By Marian Wang via ProPublica, Jan. 20, 2011.
When Massachusetts’ highest court ruled against U.S. Bank and Wells Fargo earlier this month and invalidated two foreclosures, the decision was hailed by some as an important precedent for courts seeking to resolve foreclosure disputes.
While the decision’s impact isn’t entirely clear, even Wall Street analysts who downplayed its applicability acknowledged its troubling implications for banks trying to foreclose with missing or insufficient documentation for the mortgage loans securitized and sold to investors.
The Massachusetts court, in its decision against the banks, ruled that in two very similar foreclosure cases, neither bank had been able to prove that it had the right to foreclose on the homeowner due to an incomplete chain of title. In other words, the banks couldn’t prove they had legal standing to foreclose because the transfers of ownership weren’t properly documented each time the mortgage changed hands—or was assigned to a new party—during the securitization process.
Here’s a handy chart from the ruling, showing how the chain of title should have been documented with the Ibanez mortgage:
U.S. Bank, as the chart shows, wasn’t the mortgage originator or the servicer in this case—it was the trustee of the mortgage-backed security (responsible for distributing funds to investors in the security). The Financial Times’ Alphaville blog explains how U.S.Bank’s documentation fell short:
One of the issues is the so-called “mortgage in blank” procedure. In the Ibanez case, for instance, the last mortgage assignment with a full set of names on it is from Rose Mortgage to Option One. After that, the mortgage is assigned in blank throughout the securitisation. There’s no assignment with “US Bank” on it anywhere, though the bank did try to go back and finish off the assignment after it moved to foreclose.
Banks, in order to smooth over the problem of missing assignments, will often do “confirmatory assignments” after a foreclosure has been initiated. It’s standard practice in Massachusetts, FT Alphaville reported.
But these “confirmatory assignments” only work when “there is a prior valid assignment to confirm,” bankruptcy lawyer and foreclosure expert Max Gardner explained to me. Even though the lower court gave both banks time to produce evidence of earlier assignments, the banks weren’t able to cough up the proof.
They did, however, produce some securitization documents that the court said did not suffice as proof of legal standing in this case.

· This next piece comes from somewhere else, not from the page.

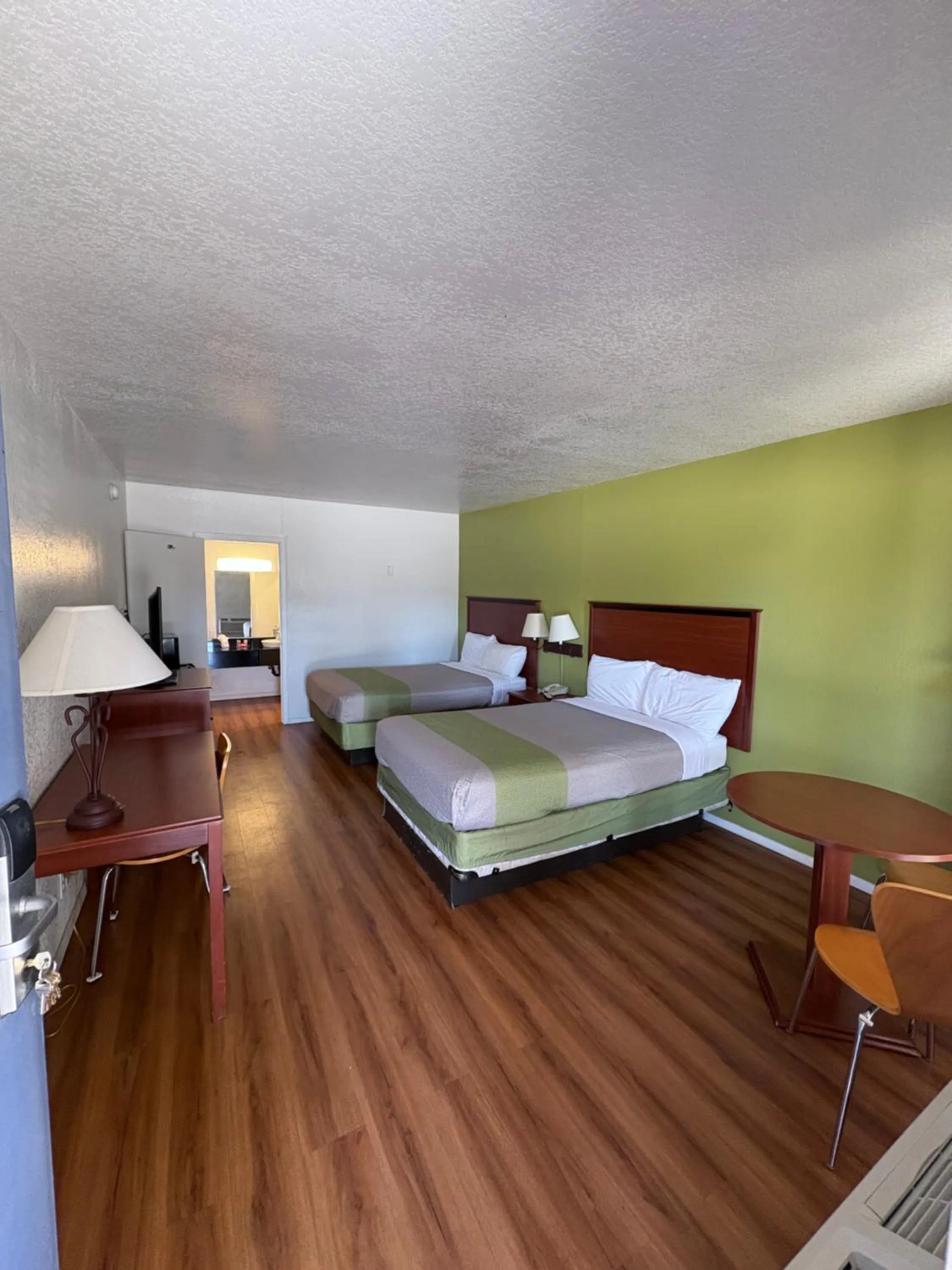 Photo of the whole room, Bed in Econo Lodge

U.S. Bank submitted the offering documents for the mortgage-backed security, which the court said showed an “intent to assign mortgages to U.S. Bank, not proof of their actual assignment.”
The court went on to say that even if the banks had produced a trust agreement or pooling and servicing agreement—proof that a mortgage pool was sold and assigned to the trust—they would still have to provide records detailed enough to show that the actual mortgage in question is contained in that mortgage pool.

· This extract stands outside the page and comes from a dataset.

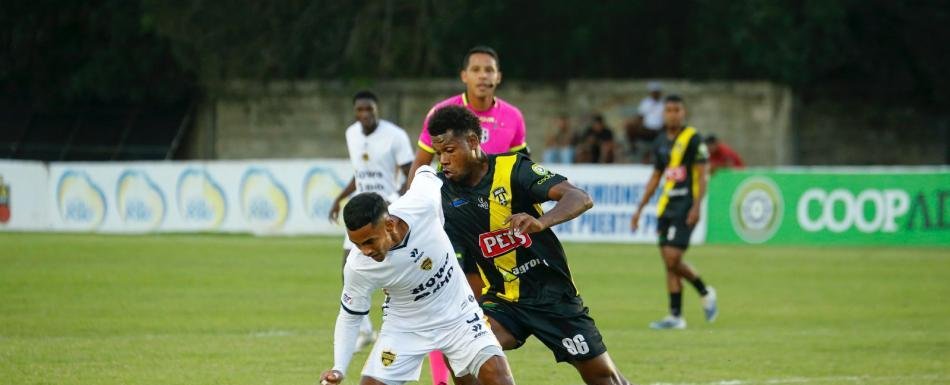 Moca y Pantoja igualan a dos goles en octava fecha de la Liguilla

The American Securitization Forum chose to take a glass-half-full approach to interpreting the ruling. It issued a statement saying it was “pleased that the Court validated the use of the conveyance language in securitization documents as being sufficient to prove transfers of mortgages” under Massachusetts law.
(Georgetown University associate law professor Adam Levitin, meanwhile, looked at securitization documents for other mortgage securities and concluded that many would probably fall similarly short.)
Wall Street has nonetheless argued that the Massachusetts ruling was limited in scope. Paul Jablansky, an asset-backed securities strategist at the Royal Bank of Scotland, issued a report stating that “we do not believe that this case will be a broadly applicable landmark.”
That could be true. The ruling only has direct implications for foreclosures in Massachusetts, and state courts elsewhere could rule differently on a similar set of facts. That’s up to the courts to decide.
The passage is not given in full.